§ **TASK INSTRUCTIONS**
The reply to the records below should contain exactly the lines from the line with "Fishing net with" through the line with "EverBrite Motion Sensor", and nothing besides.

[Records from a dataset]
···
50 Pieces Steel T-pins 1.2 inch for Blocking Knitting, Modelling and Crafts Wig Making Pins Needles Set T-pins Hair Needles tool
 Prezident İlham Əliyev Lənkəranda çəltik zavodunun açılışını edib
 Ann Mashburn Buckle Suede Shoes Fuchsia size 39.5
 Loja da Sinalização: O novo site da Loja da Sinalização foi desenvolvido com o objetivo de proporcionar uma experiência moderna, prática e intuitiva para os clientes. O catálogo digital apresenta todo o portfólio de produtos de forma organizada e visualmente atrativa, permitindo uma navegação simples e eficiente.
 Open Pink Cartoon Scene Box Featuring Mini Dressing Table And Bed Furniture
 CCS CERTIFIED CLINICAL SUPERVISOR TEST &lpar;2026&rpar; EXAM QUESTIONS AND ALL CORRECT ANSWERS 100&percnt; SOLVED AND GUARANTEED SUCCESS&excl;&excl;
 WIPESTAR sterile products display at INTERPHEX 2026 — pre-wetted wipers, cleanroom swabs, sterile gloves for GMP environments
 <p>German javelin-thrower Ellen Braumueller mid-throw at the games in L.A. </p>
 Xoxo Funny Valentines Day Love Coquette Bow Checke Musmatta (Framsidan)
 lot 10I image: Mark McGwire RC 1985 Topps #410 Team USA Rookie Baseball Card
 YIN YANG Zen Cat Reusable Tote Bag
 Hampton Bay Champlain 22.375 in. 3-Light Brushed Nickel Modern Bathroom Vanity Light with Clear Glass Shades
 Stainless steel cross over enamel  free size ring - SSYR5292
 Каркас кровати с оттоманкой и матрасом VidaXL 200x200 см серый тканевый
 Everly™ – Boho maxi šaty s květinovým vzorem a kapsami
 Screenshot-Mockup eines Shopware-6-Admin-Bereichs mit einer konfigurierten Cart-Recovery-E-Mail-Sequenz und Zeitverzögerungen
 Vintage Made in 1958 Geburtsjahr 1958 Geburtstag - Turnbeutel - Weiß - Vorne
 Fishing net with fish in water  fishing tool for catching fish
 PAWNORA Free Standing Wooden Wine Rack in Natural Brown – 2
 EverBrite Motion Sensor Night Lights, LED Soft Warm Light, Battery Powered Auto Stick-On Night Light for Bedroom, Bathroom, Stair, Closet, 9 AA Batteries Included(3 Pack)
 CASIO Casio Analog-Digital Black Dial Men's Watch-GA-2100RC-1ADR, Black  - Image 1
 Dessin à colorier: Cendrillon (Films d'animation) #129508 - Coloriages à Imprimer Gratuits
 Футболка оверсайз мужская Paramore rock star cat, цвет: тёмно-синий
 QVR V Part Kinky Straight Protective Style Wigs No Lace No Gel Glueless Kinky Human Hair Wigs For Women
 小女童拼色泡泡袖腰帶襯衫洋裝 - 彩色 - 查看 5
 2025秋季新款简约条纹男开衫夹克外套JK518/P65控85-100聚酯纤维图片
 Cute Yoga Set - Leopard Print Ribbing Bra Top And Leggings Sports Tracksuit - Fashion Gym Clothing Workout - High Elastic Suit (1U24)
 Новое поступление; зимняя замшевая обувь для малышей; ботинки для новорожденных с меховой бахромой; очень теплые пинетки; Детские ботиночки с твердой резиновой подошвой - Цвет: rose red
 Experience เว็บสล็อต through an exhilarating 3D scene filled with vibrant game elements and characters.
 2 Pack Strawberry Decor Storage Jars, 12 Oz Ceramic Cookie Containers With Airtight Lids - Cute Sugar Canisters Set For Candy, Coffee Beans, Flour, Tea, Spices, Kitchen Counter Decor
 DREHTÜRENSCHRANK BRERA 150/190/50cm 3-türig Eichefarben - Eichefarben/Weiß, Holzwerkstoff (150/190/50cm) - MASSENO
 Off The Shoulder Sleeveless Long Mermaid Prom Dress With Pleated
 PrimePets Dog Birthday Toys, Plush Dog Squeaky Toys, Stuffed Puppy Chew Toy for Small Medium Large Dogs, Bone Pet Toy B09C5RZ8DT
···
§ **RESULT FOR THIS TASK**
 Fishing net with fish in water  fishing tool for catching fish
 PAWNORA Free Standing Wooden Wine Rack in Natural Brown – 2
 EverBrite Motion Sensor Night Lights, LED Soft Warm Light, Battery Powered Auto Stick-On Night Light for Bedroom, Bathroom, Stair, Closet, 9 AA Batteries Included(3 Pack)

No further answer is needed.